The SQL Injection Flaws:

When you bypass filter process for incoming data input and uploads this unfiltered data to the SQL server, browser, or XSS, LDAP server, and/or elsewhere, it results in web security vulnerability. Attackers, hackers, and crackers can insert command lines in these vulnerable segments. You lose your data in case of such injection breach. If the SQL is successful, the attacker can add or delete database and access e-mails, passwords, and private information of website users.

Measures to remain safe:

  1. Never and by thumb rule, never-ever upload any unfiltered inputs, not even one. Single web security vulnerability is enough to bring the entire website down.
  2. Do not even put the SQL query into another query if the database is not trusted. When the database is secure, SQL query generation must be filtered. Remove or block all the inputs from untrustworthy sources.
  3. Never use blacklist sources to get results. Always use authentic sources and white hat techniques.

Broken Authentication:

Authentication refers to credentials verification of a user. Authentication mechanism could be put down by faulty credential functions including change of password, forget password, account update, and other functions. Thus, broken authentication can arise multiple causes for example; URL displays the session id, improper encryption of the password, breakage of password encryption in transits, predictable session ids, unimplemented timeout strategy, and missing SSL, etc.

Measures to remain safe:

Implementing a framework is the safest and swiftest answer to such web security vulnerability. If you wish to design your own code, then you must educate yourself on the drawbacks of Authentication.
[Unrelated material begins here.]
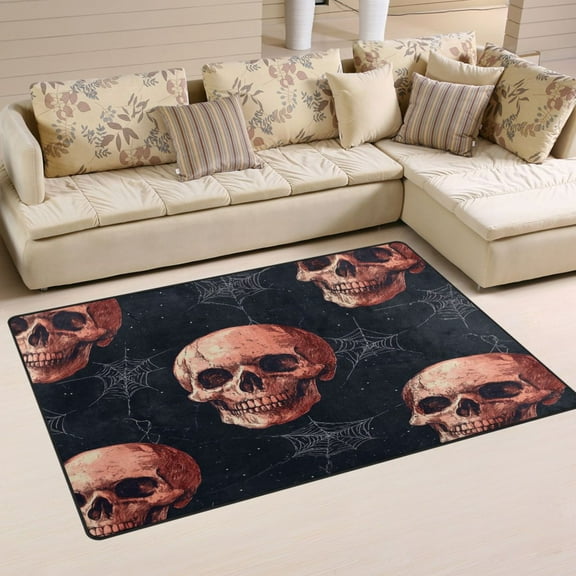 Brown Skulls Soft Polyester Area Rug 31''x20'', Non Slip, Memory Foam, Water Absorbent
XSS or Cross-Site Scripting:

Cross Site Scripting is result of input sanitization failure. Attackers can use cross-site scripting by planting a link, a JavaScript tag, HTML or client side scripts into webpage viewed by users. As a result, the browser will not able to verify whether the incoming requests coming from the same domain and it will bypass the access controls. An attacker can gain control to sensitive page content, cookies and other client side objects.

Measures to remain safe:

When HTML code should not be shared with anyone, it could welcome attacker to make HTML injection attack therefore, it is necessary to hide HTML code from users.

Convert all the HTML characters to their escaped counterparts, for example, will return to as .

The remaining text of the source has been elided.